Und er stellte fest: Josef Ratzinger und Tendzin Gyatsho, der 14. Dalai Lama, könne man eigentlich nicht vergleichen – bei Papstaudienzen auf dem Petersplatz entstehe eine riesige Freudenstimmung mit entsprechender Lautstärke. Taucht der Dalai Lama auf herrsche absolute Stille. Stephan Kulle fragte sich was eigentlich schöner sei und was dies über die Person aussage? Auch erstaunlich die Aussage des Karmapa – die Nummer drei der tibetischen Lama-Hierarchie – zur grundlegenden Glaubensfrage des Christentums, der Auferstehung: „Ja, das ist möglich“.
Viel Zeit verbrachte Stephan Kulle auch mit den Kindermönchen, die ihn spielerisch aufnahmen und ihn beeindruckten mit ihrem Lernpensum und ihrer Ausstrahlung. Eine Maxime des Dalai Lama ist es auch, dass das Leben vertan ist, wenn man nicht seine Kraft anwendet um zu lernen. So wurde Stephan Kulle den ganzen Tag mit Fragen gelöchert, obwohl er ja eigentlich etwas von den Mönchen wissen wollte. Rührend die Geschichte von dem alten Mönch, der ihm bei einem Treffen eine ganz besondere Orchidee schenkte. An einem Abend hatte der Mönch diese in seinem Überwurf verborgen und offensichtlich für Kulle mitgebracht. Dieses Geschehnis wirkte etwas mystisch – ein Augenblick der anders war als erwartet. „Sekunden, Minuten, für die man offen sein sollte und die man dankbar für sich bewahren sollte“, so Stephan Kulle. Die Blüte und das Lächeln des Mönches – dafür war Stephan Kulle dankbar. Eine der vielen Zeichen der Milde, die er dort im Norden Indiens fand.

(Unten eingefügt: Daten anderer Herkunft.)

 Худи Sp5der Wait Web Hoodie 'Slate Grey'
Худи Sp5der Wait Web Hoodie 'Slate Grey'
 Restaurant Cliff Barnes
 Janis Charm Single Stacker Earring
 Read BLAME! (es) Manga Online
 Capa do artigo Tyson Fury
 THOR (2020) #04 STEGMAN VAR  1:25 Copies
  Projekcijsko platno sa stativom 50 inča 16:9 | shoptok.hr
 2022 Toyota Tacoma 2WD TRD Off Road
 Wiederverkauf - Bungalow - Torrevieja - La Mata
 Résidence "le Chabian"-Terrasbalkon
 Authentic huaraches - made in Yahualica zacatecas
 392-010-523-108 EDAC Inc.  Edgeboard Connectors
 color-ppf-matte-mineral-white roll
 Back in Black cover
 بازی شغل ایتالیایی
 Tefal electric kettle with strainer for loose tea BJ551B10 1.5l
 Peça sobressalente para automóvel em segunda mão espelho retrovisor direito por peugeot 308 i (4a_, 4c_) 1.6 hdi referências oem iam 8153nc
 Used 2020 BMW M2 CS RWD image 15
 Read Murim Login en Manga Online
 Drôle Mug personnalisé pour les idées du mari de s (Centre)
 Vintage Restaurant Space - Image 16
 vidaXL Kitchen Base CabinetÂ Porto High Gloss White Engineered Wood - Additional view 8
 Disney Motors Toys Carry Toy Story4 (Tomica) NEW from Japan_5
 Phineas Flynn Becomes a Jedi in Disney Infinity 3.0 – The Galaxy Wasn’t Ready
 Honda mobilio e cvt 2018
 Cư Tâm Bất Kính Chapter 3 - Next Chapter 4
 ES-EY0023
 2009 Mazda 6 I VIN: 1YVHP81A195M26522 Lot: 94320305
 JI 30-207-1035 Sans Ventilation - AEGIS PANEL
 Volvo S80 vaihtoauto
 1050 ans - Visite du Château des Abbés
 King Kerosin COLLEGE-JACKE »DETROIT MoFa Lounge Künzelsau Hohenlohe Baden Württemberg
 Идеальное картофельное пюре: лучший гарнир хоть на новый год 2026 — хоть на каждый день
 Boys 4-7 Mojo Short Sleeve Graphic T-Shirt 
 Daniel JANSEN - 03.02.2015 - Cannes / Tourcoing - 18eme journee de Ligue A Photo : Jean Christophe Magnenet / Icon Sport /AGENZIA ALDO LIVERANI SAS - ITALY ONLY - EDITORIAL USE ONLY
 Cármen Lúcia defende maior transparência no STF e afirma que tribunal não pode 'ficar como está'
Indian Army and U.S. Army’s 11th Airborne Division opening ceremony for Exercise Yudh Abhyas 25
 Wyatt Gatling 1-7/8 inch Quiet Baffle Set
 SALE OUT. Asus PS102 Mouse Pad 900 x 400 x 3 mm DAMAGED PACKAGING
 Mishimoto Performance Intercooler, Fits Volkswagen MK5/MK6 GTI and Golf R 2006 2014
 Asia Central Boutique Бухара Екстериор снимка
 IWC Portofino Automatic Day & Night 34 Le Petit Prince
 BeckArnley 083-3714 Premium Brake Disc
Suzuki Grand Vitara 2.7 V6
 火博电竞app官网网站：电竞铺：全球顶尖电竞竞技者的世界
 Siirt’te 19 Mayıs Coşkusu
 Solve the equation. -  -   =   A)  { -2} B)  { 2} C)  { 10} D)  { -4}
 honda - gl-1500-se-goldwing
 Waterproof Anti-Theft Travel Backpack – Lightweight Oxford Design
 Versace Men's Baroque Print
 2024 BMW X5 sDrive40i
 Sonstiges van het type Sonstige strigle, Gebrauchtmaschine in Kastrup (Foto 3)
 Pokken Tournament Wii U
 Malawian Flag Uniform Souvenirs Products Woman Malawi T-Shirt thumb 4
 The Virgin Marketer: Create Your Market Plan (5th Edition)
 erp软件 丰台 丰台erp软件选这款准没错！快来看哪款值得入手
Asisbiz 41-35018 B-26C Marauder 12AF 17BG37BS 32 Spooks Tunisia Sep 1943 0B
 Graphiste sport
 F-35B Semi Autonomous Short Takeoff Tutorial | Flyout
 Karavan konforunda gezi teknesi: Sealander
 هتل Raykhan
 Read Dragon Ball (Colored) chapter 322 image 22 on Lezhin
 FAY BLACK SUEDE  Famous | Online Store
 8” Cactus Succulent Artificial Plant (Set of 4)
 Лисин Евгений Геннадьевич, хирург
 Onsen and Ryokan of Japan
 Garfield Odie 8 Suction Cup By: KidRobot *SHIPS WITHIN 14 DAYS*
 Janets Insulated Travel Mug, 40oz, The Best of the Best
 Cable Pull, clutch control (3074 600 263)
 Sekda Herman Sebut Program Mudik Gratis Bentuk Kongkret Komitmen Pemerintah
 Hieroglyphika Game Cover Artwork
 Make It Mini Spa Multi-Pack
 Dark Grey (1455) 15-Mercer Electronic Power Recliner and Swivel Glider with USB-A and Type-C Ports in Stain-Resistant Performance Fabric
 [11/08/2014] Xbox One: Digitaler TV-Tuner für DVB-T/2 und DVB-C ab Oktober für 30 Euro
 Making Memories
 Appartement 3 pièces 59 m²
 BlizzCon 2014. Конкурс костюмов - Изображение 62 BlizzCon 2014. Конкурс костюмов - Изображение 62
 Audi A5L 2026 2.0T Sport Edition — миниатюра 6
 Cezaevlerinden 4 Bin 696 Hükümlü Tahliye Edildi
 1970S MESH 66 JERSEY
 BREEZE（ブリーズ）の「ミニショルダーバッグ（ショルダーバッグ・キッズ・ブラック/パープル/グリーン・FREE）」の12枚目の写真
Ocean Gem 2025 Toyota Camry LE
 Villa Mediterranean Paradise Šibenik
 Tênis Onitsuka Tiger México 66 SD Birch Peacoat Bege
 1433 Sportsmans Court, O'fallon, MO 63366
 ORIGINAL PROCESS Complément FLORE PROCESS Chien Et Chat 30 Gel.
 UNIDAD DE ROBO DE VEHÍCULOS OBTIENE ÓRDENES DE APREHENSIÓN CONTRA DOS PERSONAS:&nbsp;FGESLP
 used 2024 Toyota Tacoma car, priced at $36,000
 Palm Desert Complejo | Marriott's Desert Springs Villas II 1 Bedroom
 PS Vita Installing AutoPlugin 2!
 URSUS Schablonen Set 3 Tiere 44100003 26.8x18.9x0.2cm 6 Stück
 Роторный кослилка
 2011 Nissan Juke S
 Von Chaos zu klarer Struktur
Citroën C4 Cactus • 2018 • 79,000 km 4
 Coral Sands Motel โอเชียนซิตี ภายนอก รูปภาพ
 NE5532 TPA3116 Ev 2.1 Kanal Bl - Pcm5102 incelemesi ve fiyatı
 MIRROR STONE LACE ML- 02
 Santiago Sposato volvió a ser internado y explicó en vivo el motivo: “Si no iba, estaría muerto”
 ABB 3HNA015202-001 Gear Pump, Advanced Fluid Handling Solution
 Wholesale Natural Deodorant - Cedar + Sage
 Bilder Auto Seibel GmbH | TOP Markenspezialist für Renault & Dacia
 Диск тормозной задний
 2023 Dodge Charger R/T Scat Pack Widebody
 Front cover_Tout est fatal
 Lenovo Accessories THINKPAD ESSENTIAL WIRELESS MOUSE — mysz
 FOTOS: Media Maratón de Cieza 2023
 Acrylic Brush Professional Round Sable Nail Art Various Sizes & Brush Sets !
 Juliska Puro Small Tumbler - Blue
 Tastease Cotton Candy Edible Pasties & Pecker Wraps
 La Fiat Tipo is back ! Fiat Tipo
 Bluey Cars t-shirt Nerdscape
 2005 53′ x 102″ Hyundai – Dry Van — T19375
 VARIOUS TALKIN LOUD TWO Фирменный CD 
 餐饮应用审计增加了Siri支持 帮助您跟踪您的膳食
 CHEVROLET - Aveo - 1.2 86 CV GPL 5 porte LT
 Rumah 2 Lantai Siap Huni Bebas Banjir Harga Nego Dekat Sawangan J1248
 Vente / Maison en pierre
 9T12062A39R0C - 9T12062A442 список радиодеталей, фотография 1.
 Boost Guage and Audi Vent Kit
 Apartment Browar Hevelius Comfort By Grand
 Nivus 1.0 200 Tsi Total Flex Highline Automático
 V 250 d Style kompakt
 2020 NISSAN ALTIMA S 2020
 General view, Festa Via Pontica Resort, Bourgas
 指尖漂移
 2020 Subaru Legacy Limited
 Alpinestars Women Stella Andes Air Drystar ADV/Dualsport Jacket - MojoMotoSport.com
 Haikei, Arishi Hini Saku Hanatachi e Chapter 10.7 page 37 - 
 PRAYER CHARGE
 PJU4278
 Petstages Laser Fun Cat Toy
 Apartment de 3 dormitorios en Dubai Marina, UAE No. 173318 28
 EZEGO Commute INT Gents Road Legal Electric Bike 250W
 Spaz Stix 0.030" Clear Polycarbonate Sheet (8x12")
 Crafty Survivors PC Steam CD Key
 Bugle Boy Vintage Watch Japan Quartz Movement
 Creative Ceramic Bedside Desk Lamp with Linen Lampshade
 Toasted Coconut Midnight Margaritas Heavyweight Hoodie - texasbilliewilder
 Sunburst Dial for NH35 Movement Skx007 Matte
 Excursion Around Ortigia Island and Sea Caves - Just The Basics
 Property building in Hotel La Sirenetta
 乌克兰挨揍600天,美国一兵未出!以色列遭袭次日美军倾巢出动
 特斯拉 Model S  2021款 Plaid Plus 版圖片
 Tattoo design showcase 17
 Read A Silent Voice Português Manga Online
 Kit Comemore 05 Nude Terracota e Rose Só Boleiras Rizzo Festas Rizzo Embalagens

Sehr erheiternd die Erfahrung, die Stephan Kulle mit Buttertee machte. Bei der Familie Gyamtso wollte er ein höflicher Gast sein und trank diesen Tee. Es wurden seine peinlichsten Minuten in den 40 Tagen. Ein Schluck dieser tibetischen Spezialität verschlug ihm alles und er war nicht mehr Herr seiner Mimik. Bratheringsoße, Ochsenschwanzsuppe und Öl gemischt schien sich hier vereint zu haben. Zudem lösten die Unmengen Salz sofort einen Würgereiz aus. Selbst ein trockenes Plätzchen nützte da nicht. Diplomatisch sagte er, dass der Tee anders schmeckte, als er erwartet habe. Da er nicht wusste, dass man die Hand über die Tasse halten muss, um nicht neu eingeschenkt zu bekommen, musste er leider auch die zweite Tasse „genießen“.
Am Fuß des Himalaya – da wo das Wetter sehr schlecht ist und die Luft sehr dünn – erlebte Stephan Kulle viel Beeindruckendes in 40 Tagen. In seinem Buch hat er keine Dogmen aufgeschrieben und gibt auch keine Glaubensvorgaben gibt – „Jeder soll so glauben wie er mag, deshalb muss man selbst wählen, ob man die stille Andacht beim Auftauchen des Dalai Lama oder den wilden Jubel beim Erscheinen des Papstes bevorzugt.“ Zum Abschluss des Literaturabends beantwortete Stephan Kulle noch einige Publikumsfragen.
Stephan Kulle, der unter anderem ein Buch über die Überwindung seiner Querschnittslähmung und eine Biographie des deutschen Papstes Benedikt XVI. schrieb, gelang es, seine Worte eindringlich zu vermitteln, sei es die Armut der Menschen in dem fernen Land, oder sei es die Ausstrahlung der Mönche auf ihn. Er begeisterte seine Zuhörer mit einer einzigartigen Mischung aus fundiertem theologischen Wissen, journalistisch recherchierten Informationen und ansteckender Leidenschaft. Ein kurzweiliger, informativer, anregender und spannender Abend in der Burg Bielstein.